Nuestro Señor «maravillóse de la incredulidad de ellos». Dos veces en los evangelios se nos dice que «se maravilló» y «se quedó atónito»: una vez a causa de la fe de un gentil; otra a causa de la incredulidad de sus propios paisanos. Debía de esperar algo más de simpatía de parte de los de su pueblo, cierta predisposición a recibirle amablemente. Su extrañeza era la medida de su dolor, al mismo tiempo que del pecado de ellos, al decirles:
“Un profeta sólo es menospreciado en su tierra, entre sus parientes, y en su casa”. (Mc 6, 4)
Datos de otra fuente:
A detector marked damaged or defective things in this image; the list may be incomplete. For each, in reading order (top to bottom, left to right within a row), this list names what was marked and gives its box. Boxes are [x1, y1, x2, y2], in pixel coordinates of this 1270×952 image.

Al fin de que comprendieran que el orgullo de ellos era equivocado, y que si no le recibían llevaría a otro lugar la salvación de que Él era portador, se colocó en la categoría de los profetas del Antiguo Testamento, quienes no habían recibido un trato mejor. Citó dos ejemplos del Antiguo Testamento. Ambos eran una predicción del rumbo que iba a tomar su evangelio, a saber, que abarcaría a los gentiles. Les dijo que había habido muchas viudas entre el pueblo de Israel en los días de Elías, cuando la gran hambre vino a señorear el país y cuando los cielos permanecieron cerrados durante trae años. Pero Elías no fue enviado a ninguna de tales viudas sino a una viuda de Sarepta, en tierra de gentiles. Tomando otro ejemplo, les dijo que había habido muchos leprosos en los tiempos de Elías, pero que ninguno, salvo Naamán el sirio, había sido limpiado. La mención de Naamán era particularmente humillante, puesto que éste había sido incrédulo primero, pero más tarde llegó a creer. Puesto que tanto la viuda de Sarepta como Naamán el sirio eran gentiles, Jesús daba con ello a entender que los beneficios y las bendiciones del reino de Dios venían en respuesta de la fe, y no en respuesta a la raza.
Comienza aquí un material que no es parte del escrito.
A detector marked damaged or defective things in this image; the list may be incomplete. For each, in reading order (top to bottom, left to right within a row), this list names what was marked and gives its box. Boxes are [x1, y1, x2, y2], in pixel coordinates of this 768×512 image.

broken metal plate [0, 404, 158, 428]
Dios, vino a decirles Jesús, no tenía ninguna deuda para con los hombres. Sus mercedes serían concedidas a otro pueblo si el suyo las rechazaba. Recordó a sus paisanos que su expectación terrena de un reino político era lo que les impedía comprender la gran verdad de que el cielo les había visitado en la persona de Él. Su propia ciudad natal se convirtió en el escenario en donde se proclamó la salvación no de una raza o nación, sino del mundo entero. El pueblo estaba indignado, ante todo, porque Jesús pretendía traer la liberación del pecado en su calidad del santo Ungido de Dios; en segundo lugar, a causa de la advertencia de que la salvación, que primero era de los judíos, al rechazarla éstos pasaría a los gentiles. A menudo los santos no son reconocidos por los que los rodean. Le arrojarían de entre ellos porque Él los había repudiado y había dicho que era el Cristo. La violencia que sobre Él obraron era un preludio de su cruz.
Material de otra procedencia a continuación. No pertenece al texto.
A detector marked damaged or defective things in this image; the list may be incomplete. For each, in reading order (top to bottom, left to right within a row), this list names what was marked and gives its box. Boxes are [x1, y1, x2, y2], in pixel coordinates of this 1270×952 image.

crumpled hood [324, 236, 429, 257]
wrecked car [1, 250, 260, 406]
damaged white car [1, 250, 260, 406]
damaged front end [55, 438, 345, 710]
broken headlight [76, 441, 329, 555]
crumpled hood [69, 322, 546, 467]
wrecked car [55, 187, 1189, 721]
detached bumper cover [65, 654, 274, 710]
Nazaret se halla situada entre colinas. A poca distancia de ella, hacia el sudeste, hay una roca escarpada de unos veinticinco metros de altura que se extiende unos novecientos metros hasta los llanos de Esdrelón. Es allí donde la tradición sitúa el lugar donde intentaron despeñar a Jesús.
“Mas pasando en medio de ellos, se fue”. (Lc 4, 30)
La hora de su crucifixión no había llegado, pero los minutos se estaban marcando con una violencia espantosa cada vez que proclamaba que era enviado por Dios y que era Dios.
Mons. Fulton Sheen
Comentario: Jesús es rechazado en Nazaret
Vida de Cristo, Ed. Herder, Barcelona, 1996, pp. 230-232.